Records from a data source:
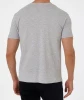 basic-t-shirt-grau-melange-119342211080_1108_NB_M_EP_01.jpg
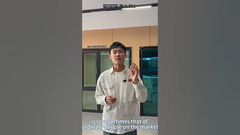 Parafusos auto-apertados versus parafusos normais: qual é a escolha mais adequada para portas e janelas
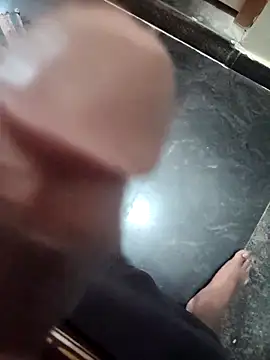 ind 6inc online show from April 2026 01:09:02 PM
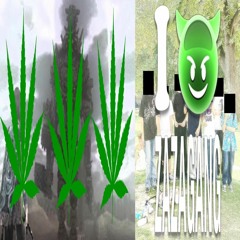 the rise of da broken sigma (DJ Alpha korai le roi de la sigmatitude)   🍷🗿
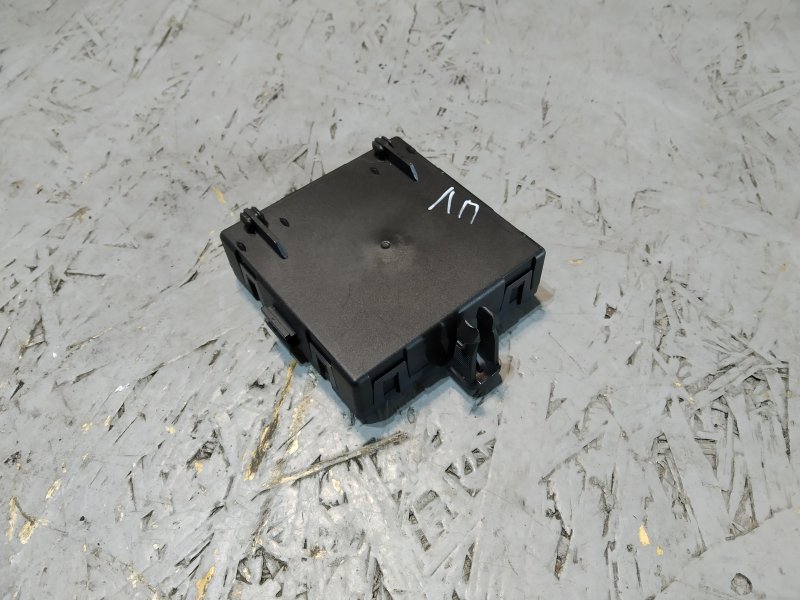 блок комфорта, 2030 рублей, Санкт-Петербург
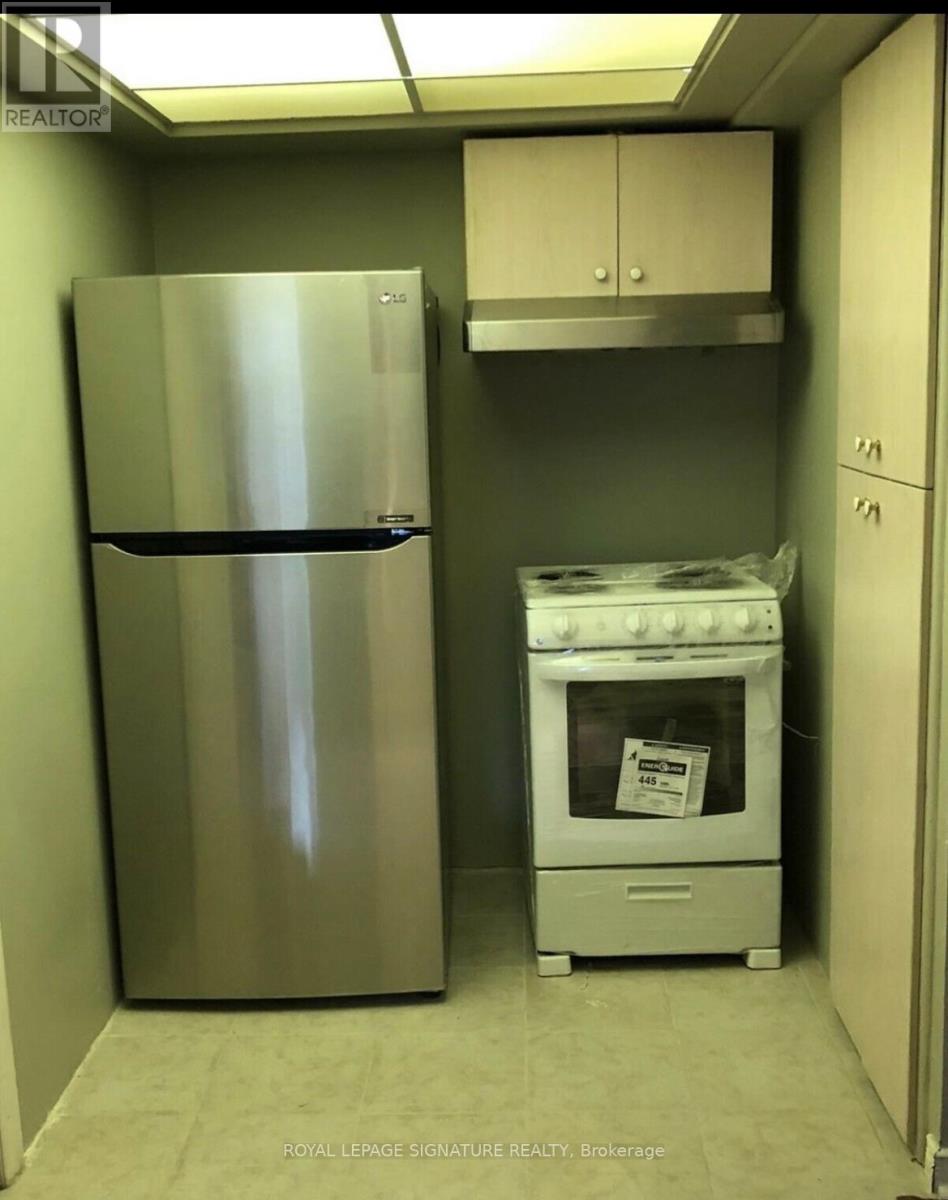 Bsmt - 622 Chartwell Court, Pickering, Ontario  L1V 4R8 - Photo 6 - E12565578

> **TASK INSTRUCTIONS**
An exact copy of the entries, minus the pictures, is what to return.

> **EXERCISE SOLUTION**
 basic-t-shirt-grau-melange-119342211080_1108_NB_M_EP_01.jpg
 Parafusos auto-apertados versus parafusos normais: qual é a escolha mais adequada para portas e janelas
 ind 6inc online show from April 2026 01:09:02 PM
 the rise of da broken sigma (DJ Alpha korai le roi de la sigmatitude)   🍷🗿
 блок комфорта, 2030 рублей, Санкт-Петербург
 Bsmt - 622 Chartwell Court, Pickering, Ontario  L1V 4R8 - Photo 6 - E12565578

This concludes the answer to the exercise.